We make use of three main technologies:

  • Pulumi, which allows us to manage infrastructure-as-code (in Python).
  • Snowflake, which allows us to store raw data and manipulate it with powerful queries, abstracting away the complexity of distributed computing.
  • dbt, which allows us to define data transformation as versioned, replayable DAGs, and mix-and-match materialization strategies to suit our needs.
1.18.4.1. Version data, not just code
  • do not destroy the past forever
    • we can’t “time-travel” anymore in our data stack: we can’t debug errors from last week in data-driven system whose input is the catalog — data would have changed by now, and reproducing the state of the system is impossible;
    • by losing track of the original state, any update or modification is much harder to undo, in case of mistakes in the business logic;
    • it becomes harder to test new code and iterate on it, as different runs will produce slightly different outcomes.
  • append-only log pattern
    a never-ending log table and then practical snapshots, capturing the state of the universe at certain points in time
    • maintaining a write-only table that stores all data relevant to the universe in which we operate, in one immutable ledger
    • since we cannot change the past, our log-like table will be a perpetual memory of the state of our universe at any given point in time.
    • From this representation, it is always possible to recover the “previous table” as a view over this stream, that is, a “photograph” capturing for each product the freshest info we have.
    • having the freshest table does not destroy previous information, in exactly the same way as running the latest code pulled from git does not destroy previous versions of it
  • This is now way easier to implement than before, as a result of three main trends:
    1. data storage is getting cheaper by the minute,
    2. modern data warehouses have superb query performances and great JSON support,
    3. open source tools like dbt made it easier for people with a broad range of skills to transform data in a versioned, replayable, testable way.
1.18.4.2. Building a noOps ingestion platform

The ingestion pipeline mimics a typical data flow for data-driven applications: clients send events, an endpoint collects them and dumps them into a stream, finally a data warehouse stores them for further processing.

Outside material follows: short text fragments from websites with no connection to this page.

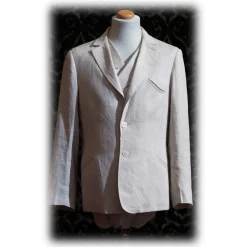 Venetian Reflections by Nicolao Nicolao Atelier - 30's Jacket and Vest - Ecru Linen Man - Jacket - Made in Italy - Luxury Exclusive Collection - Avvenice^ Jackets | Dresses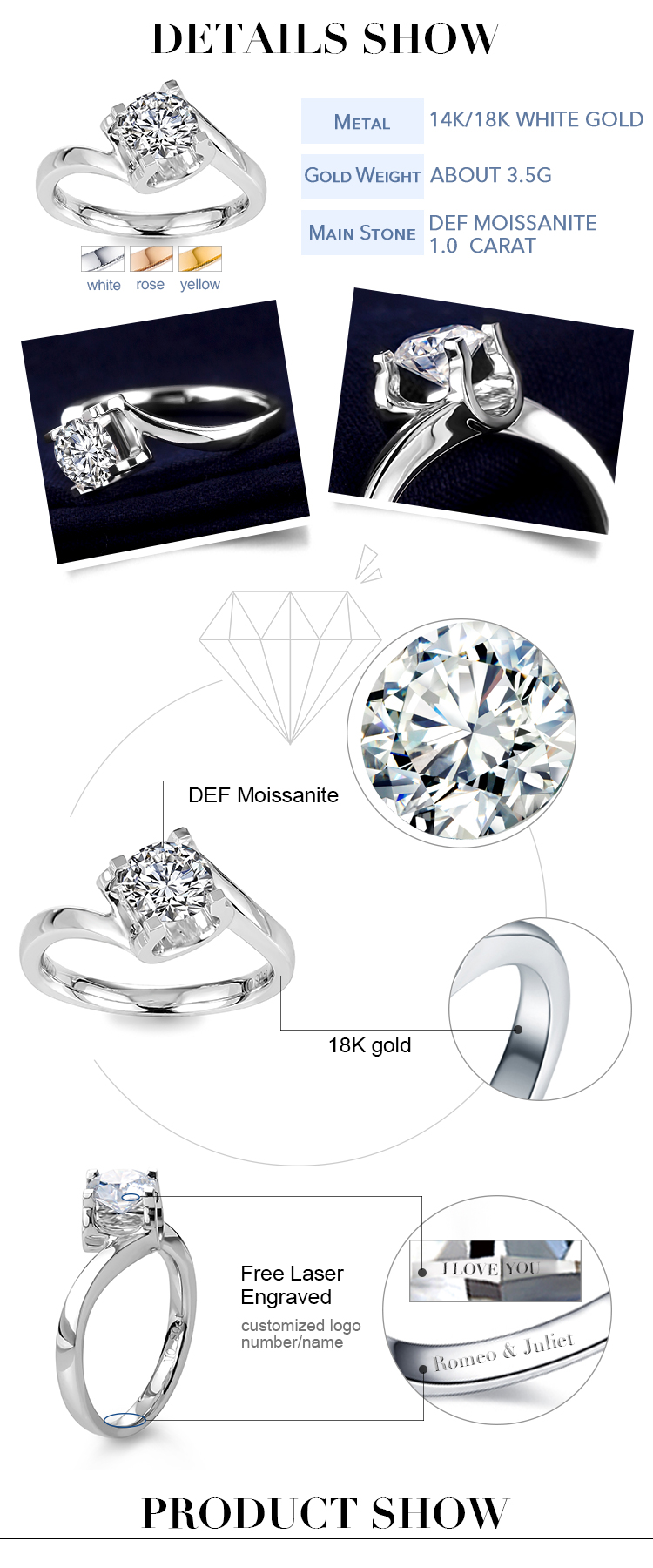 fashion moissanite gold ring details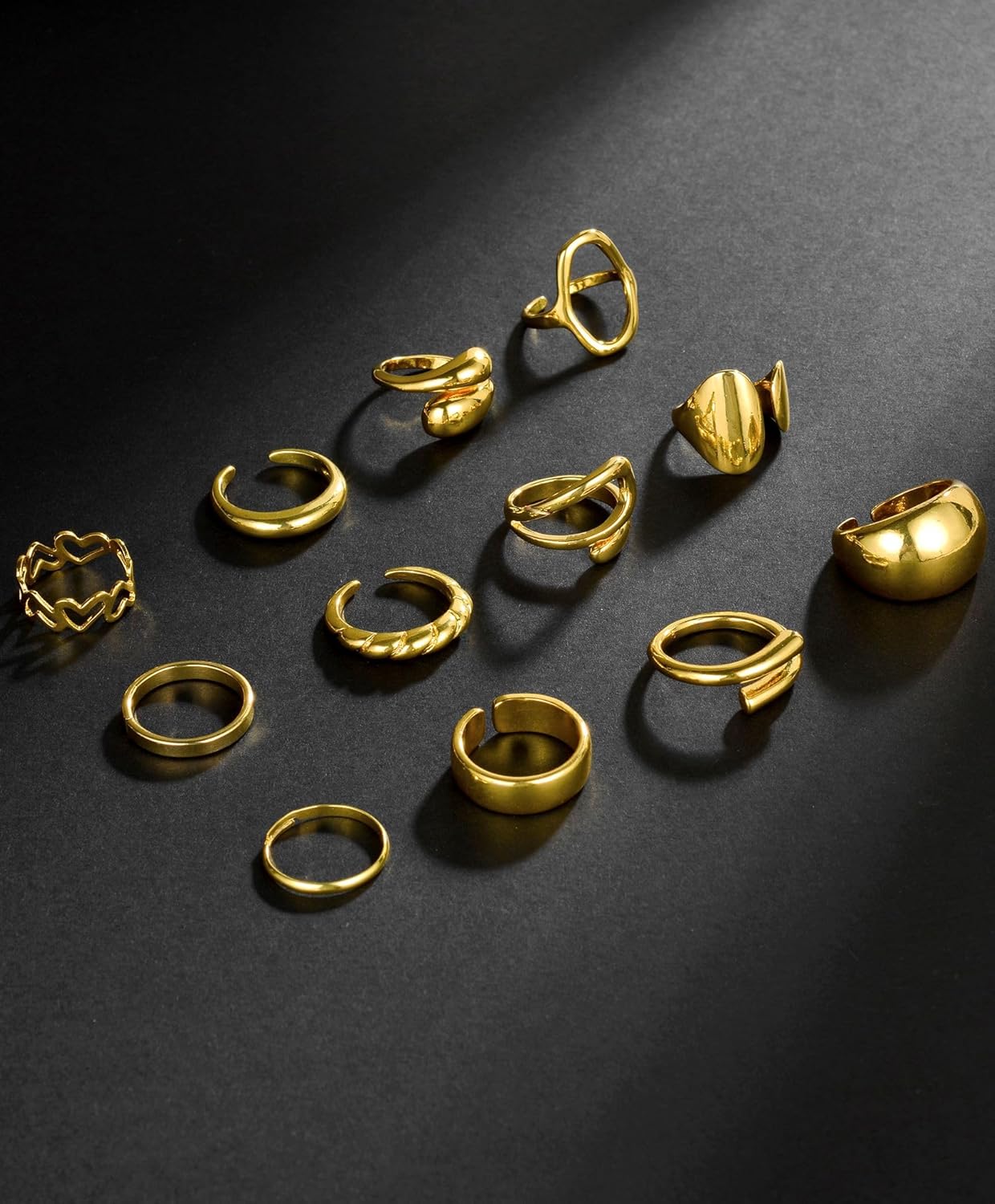 12Pcs Gold Chunky Rings 18K Gold Plated Stackable Open Knuckle Ring Set Hollow Heart Twist Croissant Dome Band Statement Finger Rings for Women Gold Silver Tone Adjustable - Image 7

In our example, we are providing recommendations for myshop.com, so:

  • The clients sending events are the shoppers browsers: as users browse products on myshop.com, a Javascript SDK sends analytics to our endpoint to collect behavioral signals (to be later used for our recommender!). To simulate these on-site events, the repository contains a pumper script, which streams realistic payloads to the cloud;
  • the endpoint is responding with a pixel, a 1x1 transparent gif used for dealing with client-server tracking (e.g. Google Analytics);
  • behavioral signals are dumped into a raw table in Snowflake;
  • SQL-powered transformations (through dbt) take the raw events and build features, intermediate aggregations, normalized views etc. While detailing downstream applications is outside the scope of this post (but see this for a fleshed out example), you can imagine B.I. tools and ML pipelines to use these nicely prepared tables as input to their own workflow.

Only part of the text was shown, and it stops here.